The strategic deployment of biorefineries in the United States demands a nuanced approach, due to the complexity of balancing environmental, social, and economic constraints [1]. Particularly, communities already burdened by elevated air pollution [2], such as high concentrations of particulate matter (PM2.5), ozone (O₃), and nitrogen dioxide (N O₂) - coupled with socioeconomic vulnerabilities, face disproportionate adverse impacts from industrial siting decisions. Addressing these concerns requires strategic and informed decisions to minimize environmental burdens and safeguard vulnerable populations.
This study introduces a comprehensive, machine learning-driven geospatial analytical framework designed to identify optimal locations for biorefinery deployment across U.S. counties. Utilizing robust environmental and socioeconomic datasets, the analysis focused on adherence to U.S. Environmental Protection Agency (EPA) - defined thresholds critical for air quality, specifically PM2.5 (< 9 µg/m³), O₃ (< 70 ppb), and NO₂ (< 7.47 ppb). Socioeconomic vulnerability indicators, including low-income percentages, unemployment rates, and disability prevalence, were also integrated based on EPA-defined percentiles.
A meticulously cleaned and normalized dataset comprising 239,781 data points representing nationwide U.S. counties was used to train and validate a Random Forest classification model within Wolfram Mathematica software. Each location was labeled using binary indicators (1 - suitable, 0 - non-suitable) derived from rigorous threshold-based logic. The resulting models exhibited exceptional predictive performance, achieving test accuracies of 0.9 and strong R-squared scores (>0.91), indicating high reliability, robustness, and generalizability. Model validation was further reinforced through cross-validation, significantly mitigating the risks of overfitting and ensuring stable performance across diverse subsets of the data.
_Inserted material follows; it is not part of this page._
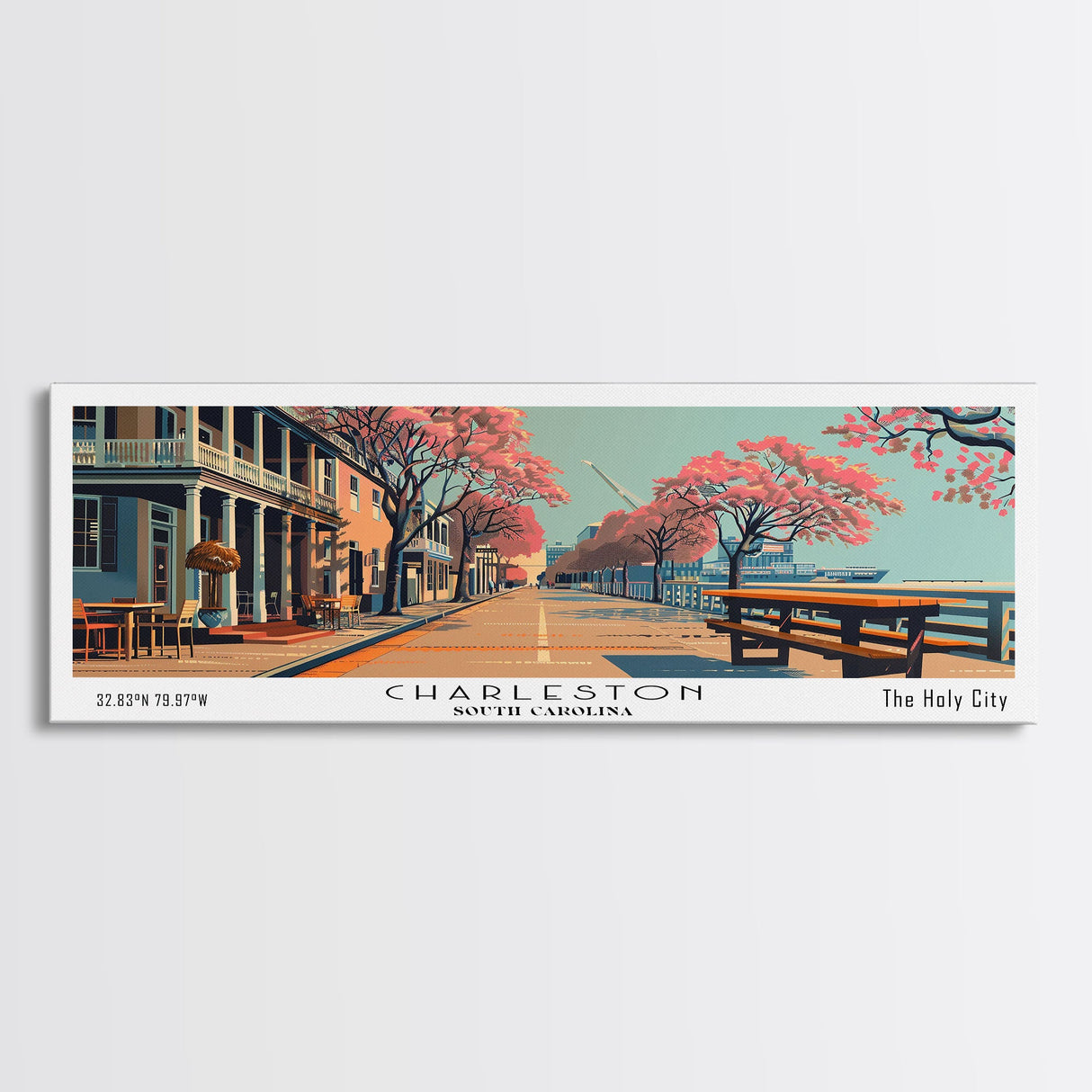 Charleston South Carolina Panoramic Painting, Framed Canvas Print, Mid Century Modern Wall Art, Retro Pop Art Travel Poster, Home Decor, City Art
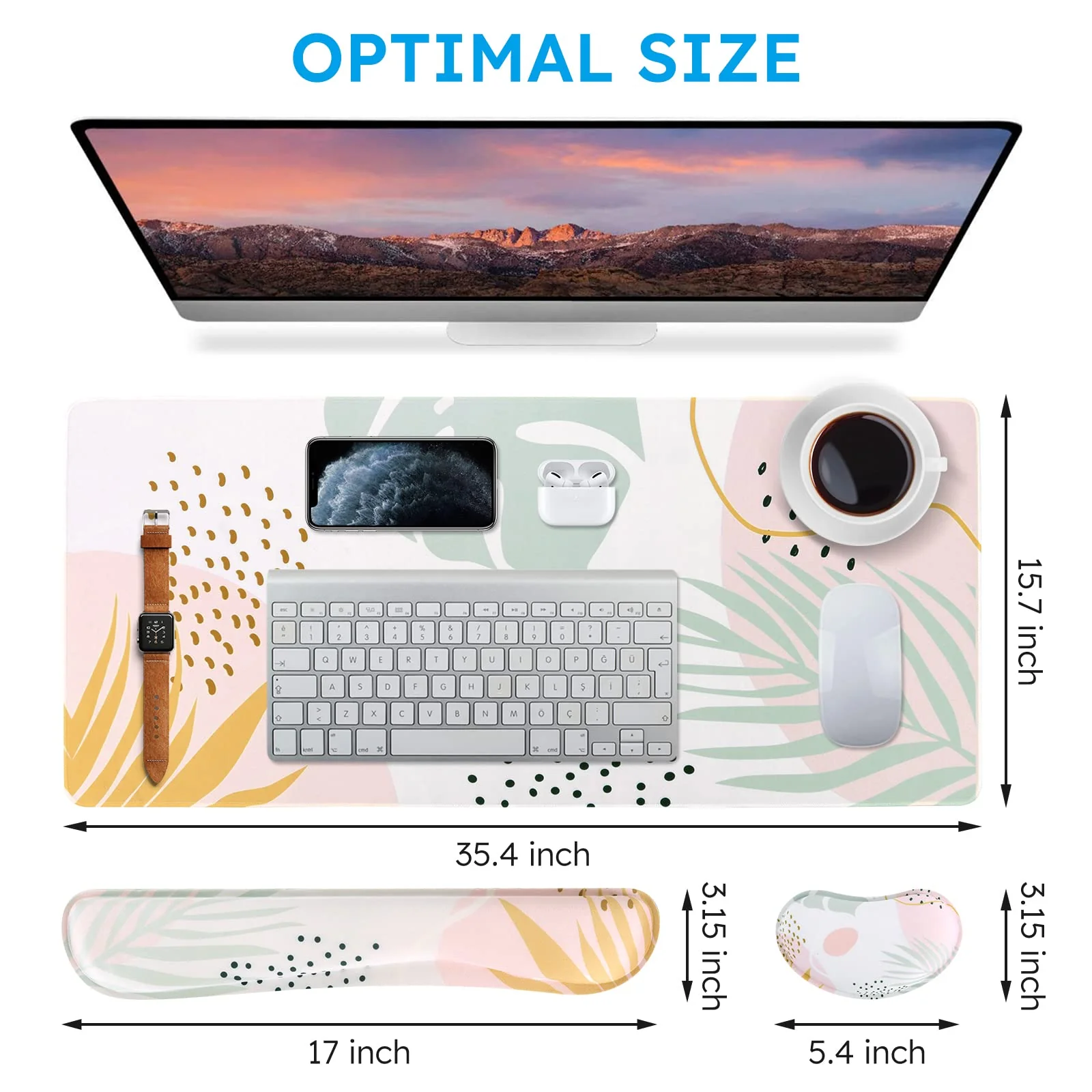 iCasso Desk Pad Mat, Big Ergonomic Mouse Pad,+ Keyboard Pad+Wrist Rest, Easy Typing Pain Relief, 3Pcs (35.4×15.7 in) Keyboard Mat Desk Mat for Keyboard and Mouse (Morlandi) 1-morlandi - Image 2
Advanced geospatial visualization techniques using GeoGraphics and GeoPosition were employed to map identified locations, distinguishing between suitable (green hotspots) and non-suitable (red hotspots) counties. These intuitive visual outputs provide actionable decision-support tools, effectively guiding stakeholders and policymakers toward sustainable and equitable biorefinery siting decisions. Future work should explore replacing fixed threshold-based binarization with more flexible, data-driven approaches such as probabilistic or fuzzy classification to better capture the nuanced gradients of environmental and socioeconomic risk across regions.
The developed framework effectively integrates environmental and public health considerations, thereby supporting the advancement of sustainable chemical engineering practices while proactively addressing environmental justice concerns.
References
[1] Prioux Nancy, Ouaret Rachid, Belaud Jean-Pierre. Machine Learning Based Framework for Biorefinery Environmental Assessment. Chemical Engineering Transactions 2022;96:517–22. https://doi.org/10.3303/CET2296087.
[2] Nunez Y, Benavides J, Shearston JA, Krieger EM, Daouda M, Henneman LRF, et al. An environmental justice analysis of air pollution emissions in the United States from 1970 to 2010. Nat Commun 2024;15:268. https://doi.org/10.1038/s41467-023-43492-9.